The petitioner as required under the contract had furnished three Bank Guarantees to the respondent as follows:-
i. Bank Guarantee dated 7th February, 2002 towards mobilization advance for Rs.73,47,654/-;
ii. Bank Guarantee dated 8th February, 2002 for Rs.4,77,598/- on account of interest towards the aforesaid mobilization advance;
iii. Bank Guarantee dated 28th December, 2001 for Rs.73,47,654/- towards performance guarantee;
The first two Bank Guarantees lapsed and so far as the third bank guarantee is concerned, by order of Court dated 17th November, 2003, an amount of Rs.73,47,654/- was deposited with the Registrar, Original Side, High Court, Calcutta.
The dispute arose with regard to the performance of the contract.
IRCON contended that the petitioner did not perform the contract. The petitioner had abandoned a part of the contract in the month of May, 2002 followed by abandonment in the rest of contract in the month of October, 2002. In view of failure to complete the work, IRCON issued risk and cost notice under Clause 63(1) of the contract on 20th January, 2003.
In the arbitration proceeding IRCON has claimed refund of mobilization advance towards unexecuted work quantified at Rs.71,33,261/- together with interest, damages for breaches of contract, risk and cost expenses under Clause 63(1) of the contract amounting to Rs.6.5 crores approximately and further risk and cost amounting to Rs.6.8 crores approximately.
The petitioner in the arbitration proceeding has principally raised three issues.
Firstly, there has been a foreclosure of contract whereby the parties have agreed to absolve themselves of all liabilities.
Secondly, the claim towards mobilization advance is not realizable in view of the agreement reached by and between the parties in a tripartite meeting held on 29th April, 2002.
Thirdly, since the principal employer of the respondent did not impose any liquidated damage for the execution of the work in the extended period and allowed escalation charges to the respondent, the respondent, in fact, had not suffered any loss and damage and, accordingly, no claim on account of damages could be awarded in favour of the claimant/respondent.
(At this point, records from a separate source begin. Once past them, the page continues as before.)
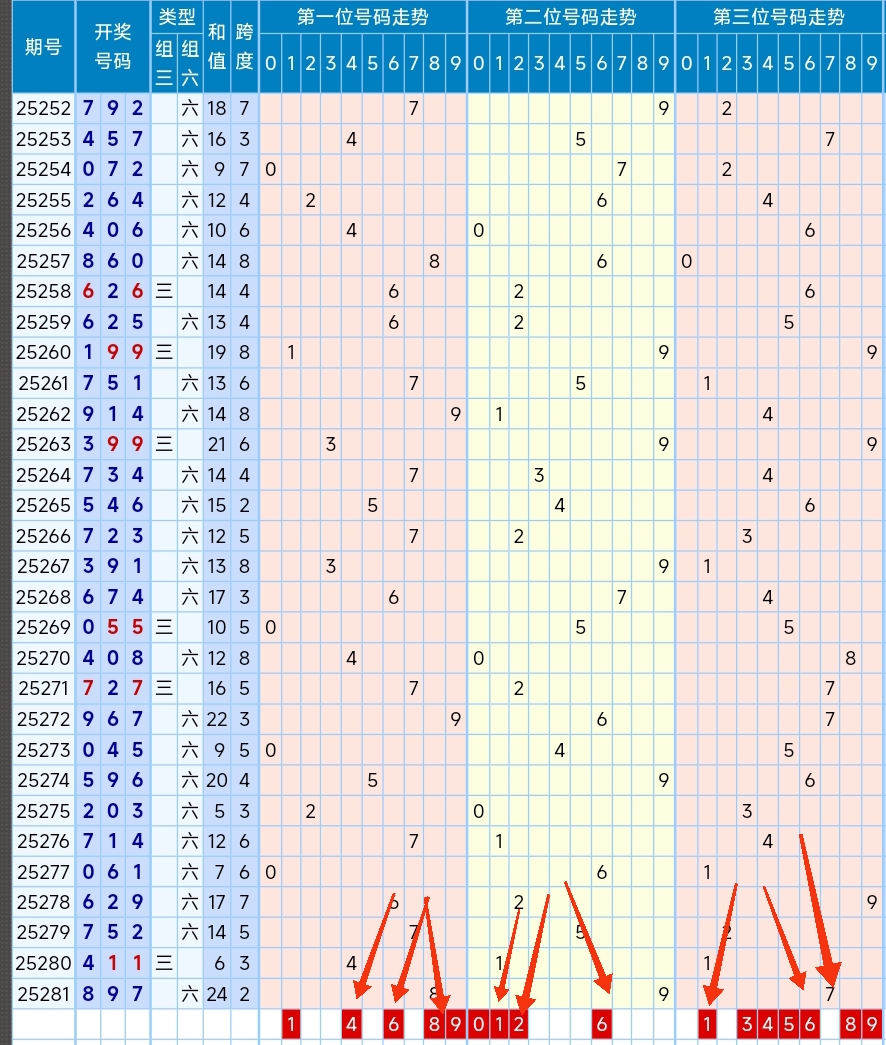 https://f.yddtiyu.com/info/176118391861525ae15cc-76e3-49b0-8724-39317e02924c.jpg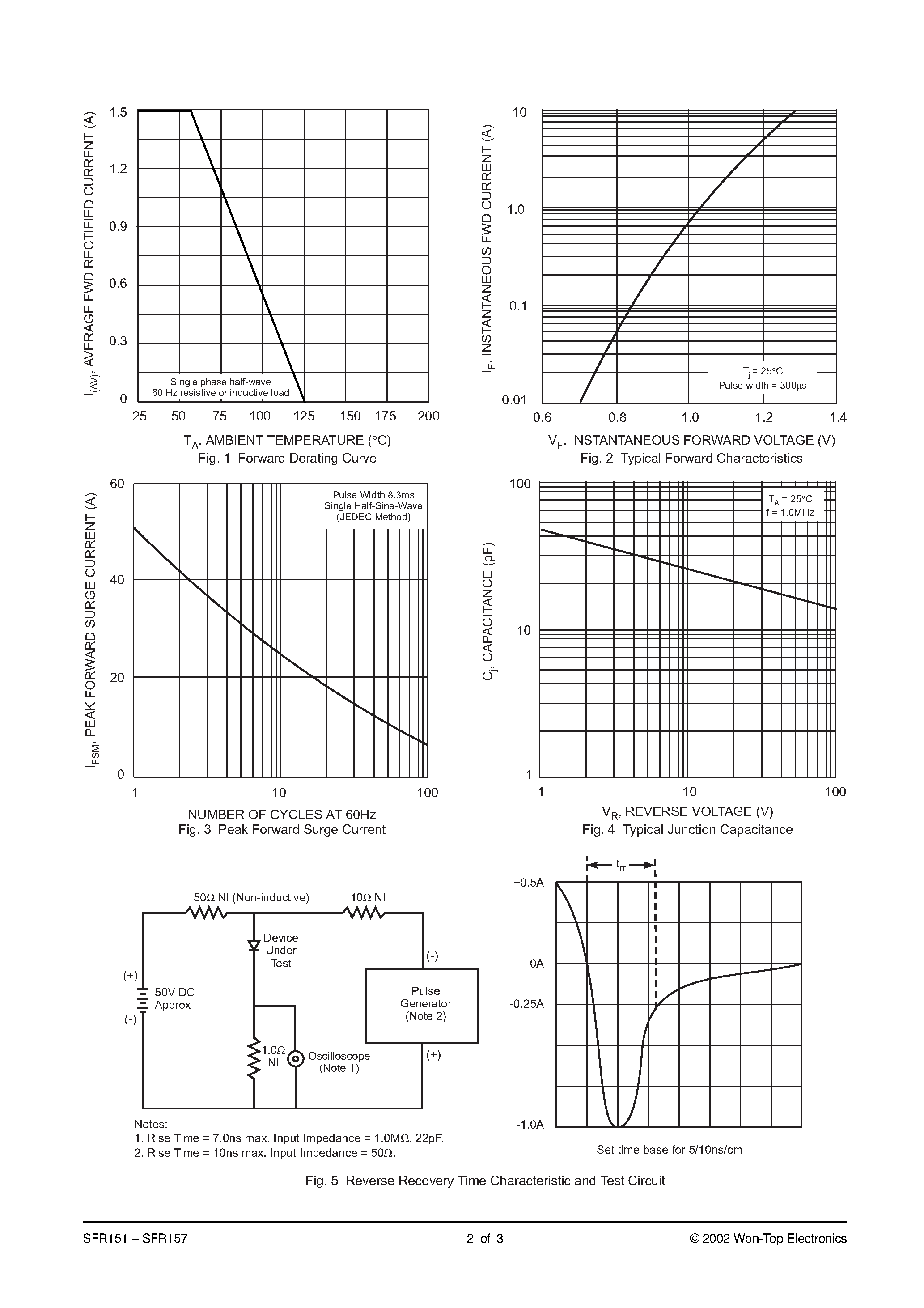 Даташит на микросхему SFR151 страница 2 Даташит SFR151 - 1.5A SOFT FAST RECOVERY RECTIFIER страница 2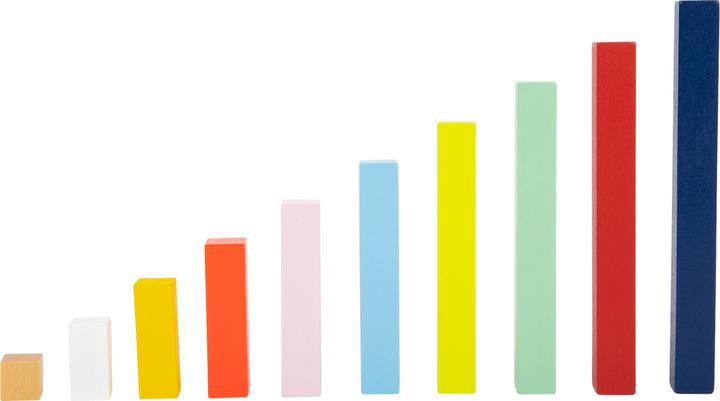Actual product image small foot Calculation sticks XL learning box "Educate (German)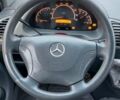 Белый Мерседес Sprinter, объемом двигателя 2.7 л и пробегом 538 тыс. км за 16999 $, фото 60 на Automoto.ua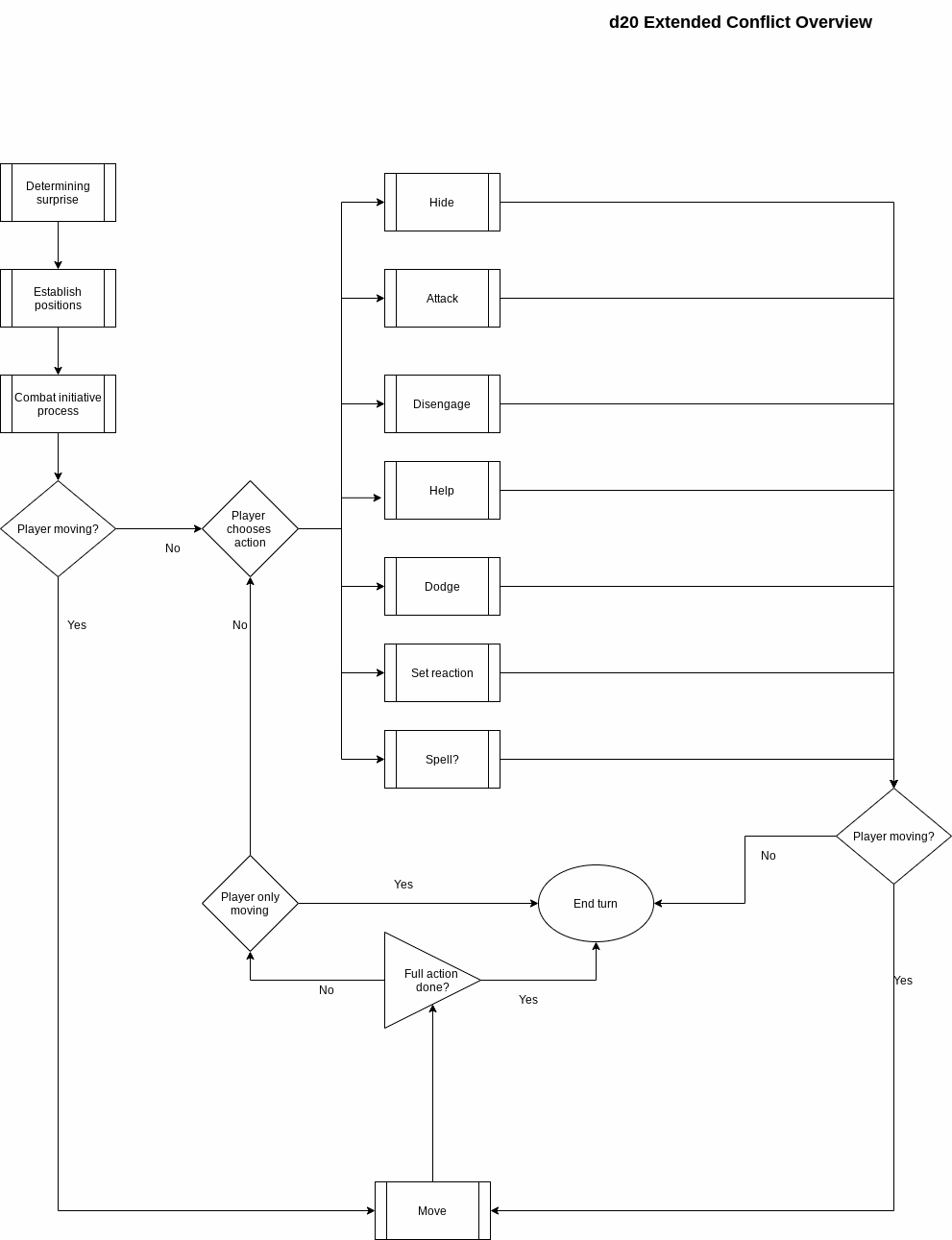 project_ilmatar_phase2_flowchart_d20ExtendedConflictOverview_20210227_A.png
The arbitrator considered each of the issues in his own inimitable style.
The arbitrator has come to a finding that there has been no amicable foreclosure of the contract and, accordingly, the contention of the petitioner that by reason of amicable foreclosure, no amount is due and payable either on account of mobilization advance or otherwise is not sustainable.
The arbitrator has relied upon the measurement book duly signed by the parties from which it would appear that only 2.65% of the work executed by the petitioner and after adjustment has awarded the refund of mobilization advance for a sum of Rs.71,33,261/- together with interest.
The claimant on account of damages suffered due to the abandonment by the petitioner was allowed on the ground that the petitioner has committed breach of contract and it is irrelevant whether the principal employer has allowed the claim towards escalation charges or did not levy liquidated damage.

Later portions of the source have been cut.